The multi-award-winning professor and inventor
Achievements

The multi-award-winning professor and inventor

Dr. Yannis Tsividis was born in 1946, in Piraeus. He received his BA/BSc degree from the University of Minnesota, Minneapolis, and the MA/MSc and Ph.D. degrees from the University of California, Berkeley, in 1972, 1973, and 1976, respectively.

He is a Professor of Electrical Engineering at Columbia University, New York, NY, USA. He has worked at Motorola Semiconductor and AT&T Bell Laboratories, and has taught at the University of California at Berkeley, the Massachusetts Institute of Technology, and the National Technical University of Athens.

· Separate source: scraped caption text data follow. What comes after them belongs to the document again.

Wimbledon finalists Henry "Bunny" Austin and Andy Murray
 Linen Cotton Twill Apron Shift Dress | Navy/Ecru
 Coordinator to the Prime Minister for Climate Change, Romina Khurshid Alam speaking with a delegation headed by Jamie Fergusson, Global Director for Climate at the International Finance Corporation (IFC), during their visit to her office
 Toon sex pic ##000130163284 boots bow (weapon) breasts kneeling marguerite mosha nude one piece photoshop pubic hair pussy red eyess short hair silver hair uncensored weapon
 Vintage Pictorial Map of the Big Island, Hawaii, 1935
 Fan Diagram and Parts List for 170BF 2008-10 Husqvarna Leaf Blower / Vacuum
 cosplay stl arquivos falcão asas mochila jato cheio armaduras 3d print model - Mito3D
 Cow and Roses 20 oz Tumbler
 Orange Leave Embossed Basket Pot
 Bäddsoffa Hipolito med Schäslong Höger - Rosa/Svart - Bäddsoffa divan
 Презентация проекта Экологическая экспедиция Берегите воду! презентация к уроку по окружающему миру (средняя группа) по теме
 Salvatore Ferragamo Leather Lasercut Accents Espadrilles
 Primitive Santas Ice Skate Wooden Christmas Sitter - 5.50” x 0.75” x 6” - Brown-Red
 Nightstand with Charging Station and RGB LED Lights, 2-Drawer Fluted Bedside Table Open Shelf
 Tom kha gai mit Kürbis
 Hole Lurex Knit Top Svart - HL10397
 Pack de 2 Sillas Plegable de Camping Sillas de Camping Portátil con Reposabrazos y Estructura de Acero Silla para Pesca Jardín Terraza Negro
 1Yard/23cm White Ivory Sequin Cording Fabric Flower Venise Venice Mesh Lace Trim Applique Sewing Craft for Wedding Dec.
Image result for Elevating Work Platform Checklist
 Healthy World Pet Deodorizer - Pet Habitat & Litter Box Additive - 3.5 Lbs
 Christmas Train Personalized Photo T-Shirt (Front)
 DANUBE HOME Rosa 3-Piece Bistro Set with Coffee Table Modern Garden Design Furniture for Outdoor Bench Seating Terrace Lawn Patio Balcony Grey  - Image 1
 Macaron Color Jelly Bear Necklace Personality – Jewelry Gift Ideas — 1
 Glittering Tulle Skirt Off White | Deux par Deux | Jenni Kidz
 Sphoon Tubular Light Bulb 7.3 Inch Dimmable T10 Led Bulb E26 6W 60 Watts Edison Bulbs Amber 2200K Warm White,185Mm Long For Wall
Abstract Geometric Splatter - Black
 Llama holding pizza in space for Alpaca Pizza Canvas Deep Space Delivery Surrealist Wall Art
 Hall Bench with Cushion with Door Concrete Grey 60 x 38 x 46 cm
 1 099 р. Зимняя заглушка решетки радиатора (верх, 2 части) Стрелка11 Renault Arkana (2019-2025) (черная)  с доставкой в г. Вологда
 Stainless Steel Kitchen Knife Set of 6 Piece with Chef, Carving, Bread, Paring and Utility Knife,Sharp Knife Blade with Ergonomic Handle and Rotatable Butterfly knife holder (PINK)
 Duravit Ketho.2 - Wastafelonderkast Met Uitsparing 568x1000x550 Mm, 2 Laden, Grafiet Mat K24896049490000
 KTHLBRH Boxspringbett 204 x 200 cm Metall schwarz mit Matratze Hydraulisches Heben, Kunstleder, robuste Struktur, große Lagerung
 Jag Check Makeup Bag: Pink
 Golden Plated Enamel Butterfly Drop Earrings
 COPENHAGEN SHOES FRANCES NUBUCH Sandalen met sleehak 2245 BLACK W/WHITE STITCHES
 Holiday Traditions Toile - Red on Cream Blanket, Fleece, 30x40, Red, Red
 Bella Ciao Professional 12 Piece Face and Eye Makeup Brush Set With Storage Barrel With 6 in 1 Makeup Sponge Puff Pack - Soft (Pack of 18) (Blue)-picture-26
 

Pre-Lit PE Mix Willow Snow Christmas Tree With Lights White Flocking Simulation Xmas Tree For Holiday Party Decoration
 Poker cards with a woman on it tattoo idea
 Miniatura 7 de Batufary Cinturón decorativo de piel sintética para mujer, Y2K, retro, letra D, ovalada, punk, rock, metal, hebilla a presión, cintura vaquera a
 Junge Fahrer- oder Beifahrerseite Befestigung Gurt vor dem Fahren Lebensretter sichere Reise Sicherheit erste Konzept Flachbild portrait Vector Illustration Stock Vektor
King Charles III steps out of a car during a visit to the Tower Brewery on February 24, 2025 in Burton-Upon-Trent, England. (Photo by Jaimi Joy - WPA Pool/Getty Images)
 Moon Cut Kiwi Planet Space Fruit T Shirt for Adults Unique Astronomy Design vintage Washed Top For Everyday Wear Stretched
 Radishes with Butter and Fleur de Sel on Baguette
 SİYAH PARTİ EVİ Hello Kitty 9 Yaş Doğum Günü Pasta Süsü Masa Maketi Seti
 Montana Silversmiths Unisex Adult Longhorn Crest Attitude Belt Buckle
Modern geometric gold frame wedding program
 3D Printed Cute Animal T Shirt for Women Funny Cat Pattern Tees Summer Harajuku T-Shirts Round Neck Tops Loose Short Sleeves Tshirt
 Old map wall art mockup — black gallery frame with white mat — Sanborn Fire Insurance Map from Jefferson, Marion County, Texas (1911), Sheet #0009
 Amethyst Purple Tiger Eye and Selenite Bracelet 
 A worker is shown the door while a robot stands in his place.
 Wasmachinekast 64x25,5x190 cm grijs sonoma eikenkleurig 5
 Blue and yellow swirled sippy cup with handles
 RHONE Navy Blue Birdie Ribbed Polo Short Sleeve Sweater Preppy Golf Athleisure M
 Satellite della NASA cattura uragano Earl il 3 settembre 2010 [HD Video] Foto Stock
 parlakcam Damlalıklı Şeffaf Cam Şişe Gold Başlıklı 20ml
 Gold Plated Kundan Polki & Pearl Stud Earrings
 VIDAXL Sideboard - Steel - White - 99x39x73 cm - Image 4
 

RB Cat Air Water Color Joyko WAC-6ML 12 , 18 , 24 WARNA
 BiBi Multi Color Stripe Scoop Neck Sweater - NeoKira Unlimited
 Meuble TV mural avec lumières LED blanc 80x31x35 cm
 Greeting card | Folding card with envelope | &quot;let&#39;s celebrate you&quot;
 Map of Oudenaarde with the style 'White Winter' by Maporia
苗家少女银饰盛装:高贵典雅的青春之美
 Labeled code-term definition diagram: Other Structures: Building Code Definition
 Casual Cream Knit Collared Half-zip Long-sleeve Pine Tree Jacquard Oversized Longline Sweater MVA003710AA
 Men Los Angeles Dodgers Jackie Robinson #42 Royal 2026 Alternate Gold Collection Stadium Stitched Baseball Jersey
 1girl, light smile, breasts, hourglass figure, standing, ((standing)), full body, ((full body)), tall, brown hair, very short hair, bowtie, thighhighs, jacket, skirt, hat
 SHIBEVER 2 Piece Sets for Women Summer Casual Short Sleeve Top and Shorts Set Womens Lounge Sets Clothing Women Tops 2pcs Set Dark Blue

In 2019 Mr. Yannis Tsividιs was elected as a member of the National Academy of Engineering (NAE). The election to the United States’ NAE is one of the highest distinctions an engineer can take in his career. The NAE lists 2,297 members from the US and 272 members from abroad. He has been honored for his contributions to Analog and Mixed Analog Circuits, as well as his contribution to engineering training.

 

 

 

Professor Tsividis’ research has concentrated on mixed analog-digital integrated circuits for telecommunications and other applications. He has dealt with this goal at the device, circuit, system, and computer simulation level. He demonstrated the first fully-integrated MOS operational amplifier in 1976, and proposed detailed design techniques for MOS analog circuits, which were widely adopted and led to the first massively produced mixed-signal integrated circuits. The software program Switcap, which was developed by his group, was the standard in the industry and was used in the design of hundreds of integrated circuits for telecommunications, biomedical electronics, and consumer electronics.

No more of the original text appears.